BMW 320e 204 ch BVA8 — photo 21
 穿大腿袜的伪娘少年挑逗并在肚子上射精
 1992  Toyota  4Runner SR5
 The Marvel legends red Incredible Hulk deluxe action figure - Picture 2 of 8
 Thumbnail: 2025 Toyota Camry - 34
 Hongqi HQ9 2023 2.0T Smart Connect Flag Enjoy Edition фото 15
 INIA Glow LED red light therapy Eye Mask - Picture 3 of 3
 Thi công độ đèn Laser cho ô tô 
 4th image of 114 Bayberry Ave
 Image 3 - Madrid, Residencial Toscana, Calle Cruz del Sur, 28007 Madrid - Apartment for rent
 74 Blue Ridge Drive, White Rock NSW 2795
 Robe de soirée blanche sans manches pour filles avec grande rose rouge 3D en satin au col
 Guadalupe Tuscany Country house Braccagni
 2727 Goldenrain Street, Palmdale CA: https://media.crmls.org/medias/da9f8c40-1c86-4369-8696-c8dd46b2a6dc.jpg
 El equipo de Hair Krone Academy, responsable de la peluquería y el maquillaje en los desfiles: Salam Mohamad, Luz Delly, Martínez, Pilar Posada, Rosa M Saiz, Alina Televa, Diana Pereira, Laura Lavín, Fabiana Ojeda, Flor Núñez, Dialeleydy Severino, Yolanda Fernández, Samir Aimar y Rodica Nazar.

============================================================

PROBLEM DESCRIPTION →
Within the data above, how many lines include the string "Toyota"? Only the number is required.

TASK ANSWER →
2